=== Data for this task ===
■ ■ ■

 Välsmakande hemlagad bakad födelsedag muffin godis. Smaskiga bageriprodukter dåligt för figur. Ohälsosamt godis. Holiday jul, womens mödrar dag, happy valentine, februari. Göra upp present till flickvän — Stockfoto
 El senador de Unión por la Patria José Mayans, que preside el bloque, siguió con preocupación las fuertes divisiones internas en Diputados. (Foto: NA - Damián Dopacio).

■ ■ ■

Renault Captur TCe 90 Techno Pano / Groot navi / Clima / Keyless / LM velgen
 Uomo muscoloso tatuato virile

■ ■ ■

=== Exercise instructions ===
Where the listing above has a line with "Välsmakande hemlagad bakad", start there, and output every line exactly through the line with "El senador de", which is also included.

=== Result ===
 Välsmakande hemlagad bakad födelsedag muffin godis. Smaskiga bageriprodukter dåligt för figur. Ohälsosamt godis. Holiday jul, womens mödrar dag, happy valentine, februari. Göra upp present till flickvän — Stockfoto
 El senador de Unión por la Patria José Mayans, que preside el bloque, siguió con preocupación las fuertes divisiones internas en Diputados. (Foto: NA - Damián Dopacio).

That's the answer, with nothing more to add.